TASK PROMPT
The answer must reproduce exactly the lines from the one with "2019 Nissan Frontier" through the end of the material, and it must contain no pictures.

** Opening SUPPLIED MATERIAL block **

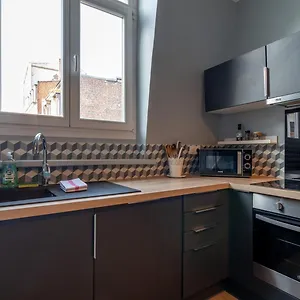 Gares - Duplex Avec Parking Appartement Rijsel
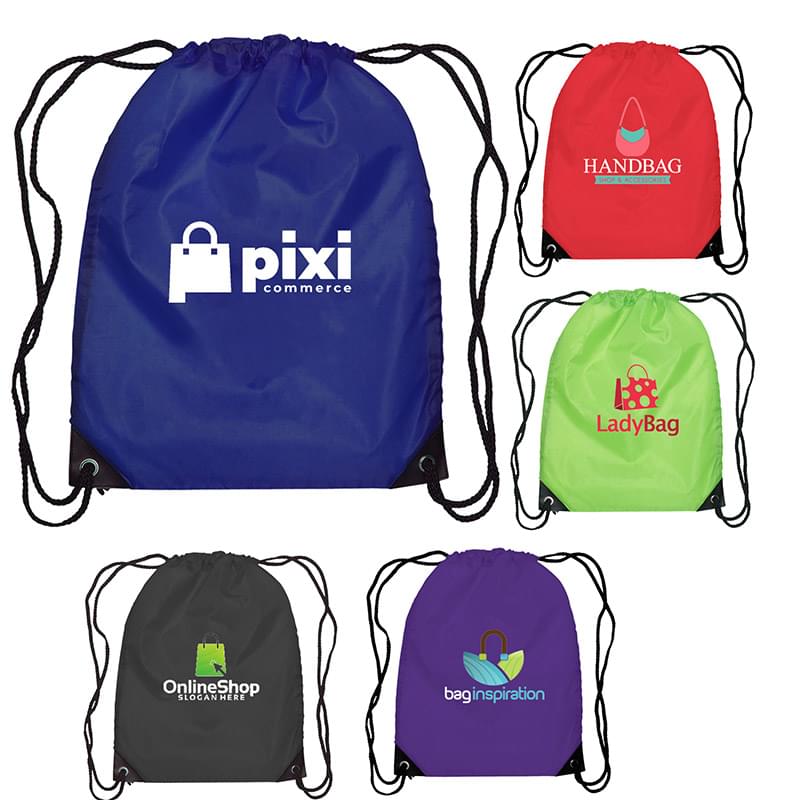 Broadway Drawstring Backpack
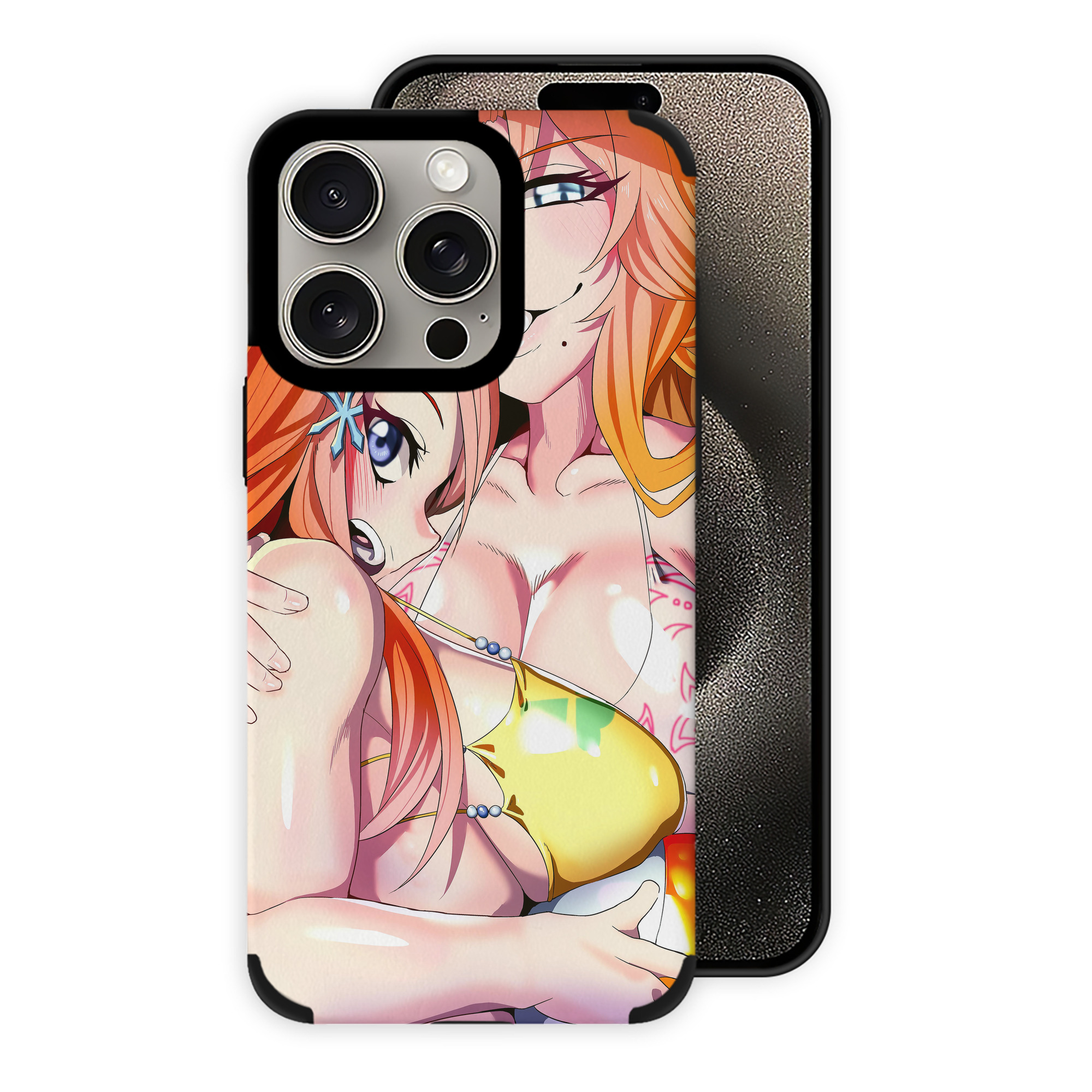 （画像用） ブリーチ BLEACH 【iPhone15ProMax対応】 PUレザー スマホケース 耐衝撃＆黄変防止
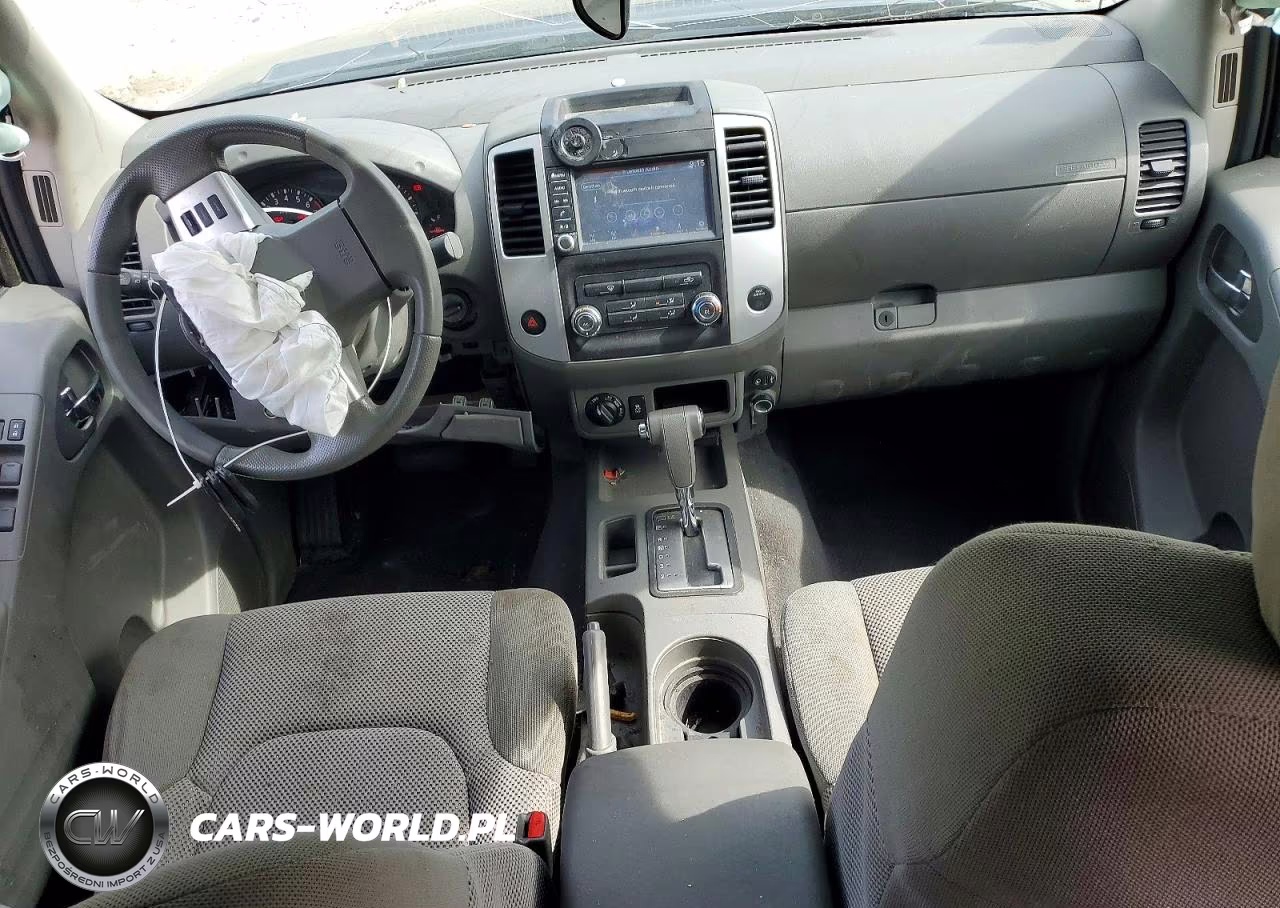2019 Nissan Frontier Sv VIN:1N6AD0EV3KN705083 - 8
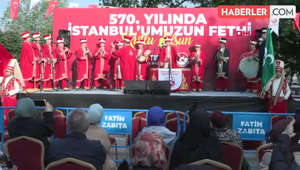 Fatih Belediyesi, İstanbul'un Fethi'nin 570'inci yılına özel Saraçhane Parkı'nda 'Fetih Kutlaması' düzenledi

** Closing SUPPLIED MATERIAL block **

SOLVED PROBLEM
2019 Nissan Frontier Sv VIN:1N6AD0EV3KN705083 - 8
 Fatih Belediyesi, İstanbul'un Fethi'nin 570'inci yılına özel Saraçhane Parkı'nda 'Fetih Kutlaması' düzenledi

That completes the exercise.